So you have to take, divide it up, and you have to take, uh, the deduction over the course of five years. Okay. Um, and there’s different ways to do that. There’s also other things like if you’re a sole proprietorship or a single member LLC, you can use like some section 179 says, okay, you can expense the entire thing this year or you can expense part of it this year and roll over the rest of it to the next year, which is great if you’re a startup because, uh, the first year you’re not Probably going to need a lot of deductions, but if you’re going to, you’ve got contracts coming in and you know, you’re going to make a lot more money the next year, uh, that equipment you can buy, you can take very little, uh, 179 this year and you can roll it over now.

You don’t want to do that if you’re as corporation or partnership, because that’s going to penalize you, it’s actually going [00:16:00] to end up costing more than you have to go over here to special depreciation, special depreciation, something Congress loves to play with in 2022, uh, you could depreciate. 100% of what you, uh, what you bought that year, uh, this year, it’s only 50%, you know, and, and some years it’s nothing, they just, it’s something they just keep playing with.

But, uh, I find that one of the problems I find is that a lot of accountants, uh, the kind of, you know, the stuff off and they call you when it’s done. Um, they’re just automatically take a hundred percent appreciation to get you the most. Lost this year, and that’s not a good thing. Maybe you, you shouldn’t, if you, if you don’t need the deductions this year, why waste them, you know?

It’s not a rollover. Why waste them? Push them off into a year. You’re going to need them, and these are the kind of discussions you need to be having, uh, about depreciation. I mean, I, uh, [00:17:00] I had a, uh, painting contractor, uh, was with me for over a decade, and he wanted to buy a house. But you know, being self employed, it’s not easy to get a mortgage.

So he had to show three years of tax returns, and they had to be within a certain profit range, all three years, for him to qualify for the mortgage he wanted. So I sat down with him, and we worked it over three years, and I worked the depreciation tables and things like that, to get him in the profit range so he…

He bought, he was able to buy his house. And that’s the type of work I do with my clients. And that’s how I use the tax laws to their advantage because they’re out there. And, uh, and if you’re hiring somebody to do it. That’s what they should be talking to you about. Well, speaking of hiring somebody to do it, how do you know who to hire?

Like, which tax professional, uh, which accountants, which CPA, how do you, how do you know when you’ve [00:18:00] found a good one? How do you, how do you find out? Well, you know, when you’re hiring an accountant or a CPA or a tax professional, you need to interview them the same if you were interviewing an employee.

Because basically, they’re working for you, you know. You’re just not hiring them. You need to look at it as if they’re working for you, you know. So you have to interview them. But most people have no clue how to interview for this because they don’t know the tax laws themselves. And so they don’t know the questions to ask.

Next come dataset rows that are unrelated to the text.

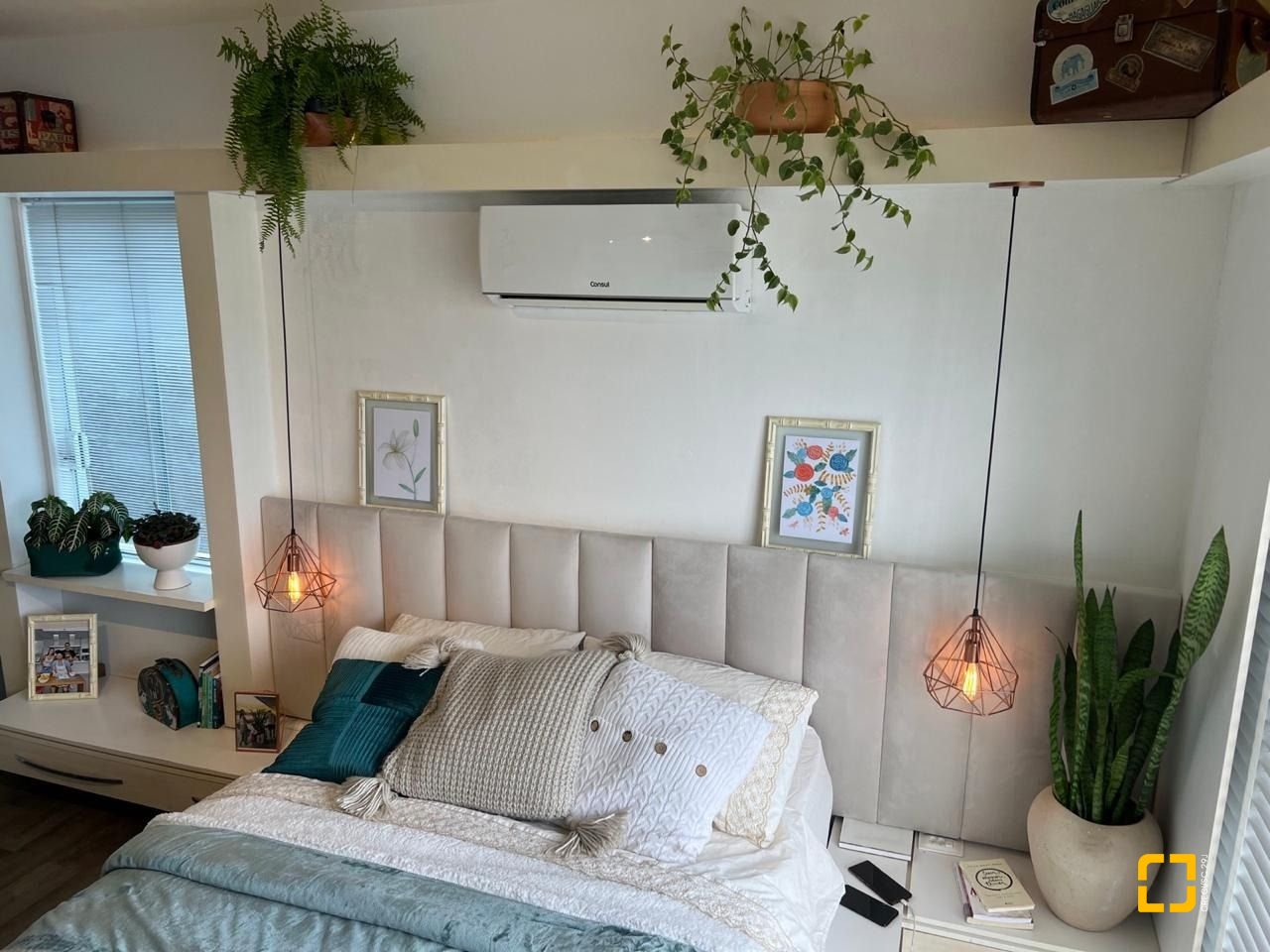 Casa com 450m², 5 garagens, no bairro Centro em Florianópolis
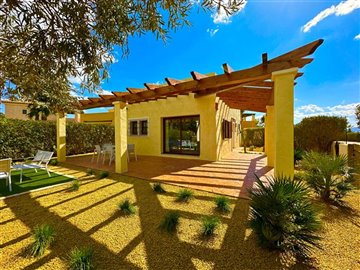 spanishpropertyexpertcomdesertspringsgolfreso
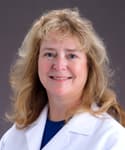 Dr. Kathy J Lentz, MD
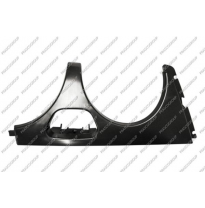 Bajo Faro Izquierdo Con Agujeros Lavafaros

For instance, some of the questions you should ask, a lot of people think, well, if I hire a CPA, they know everything about taxes. And, uh, so I don’t have to worry about it. Or if I say I count or a tax professional, you know, they know everything about, and it’s not true. Most people don’t know, uh, if to get your CPA certification, you have to take a couple of tax, basic tax question, tax classes, but you never have to take another tax class the [00:19:00] rest of your life.

If you don’t want to. Now, a good CPA will, and one of the things I, I always tell people that if they’re gonna hire a CPA, one of the first questions that you need to ask them is how many continuing education hours do you take in tax law every year? Because the vast majority do not. Really? And, yeah, because, you know, for most CPAs, their main business is accounting.

Taxes is like a side thing that they make extra money on once a year, and one of the biggest things about that is you get an account that just always files an extension because they don’t want to take the time during tax season to get to you, and you end up in September, October, finishing your taxes, which drives me nuts.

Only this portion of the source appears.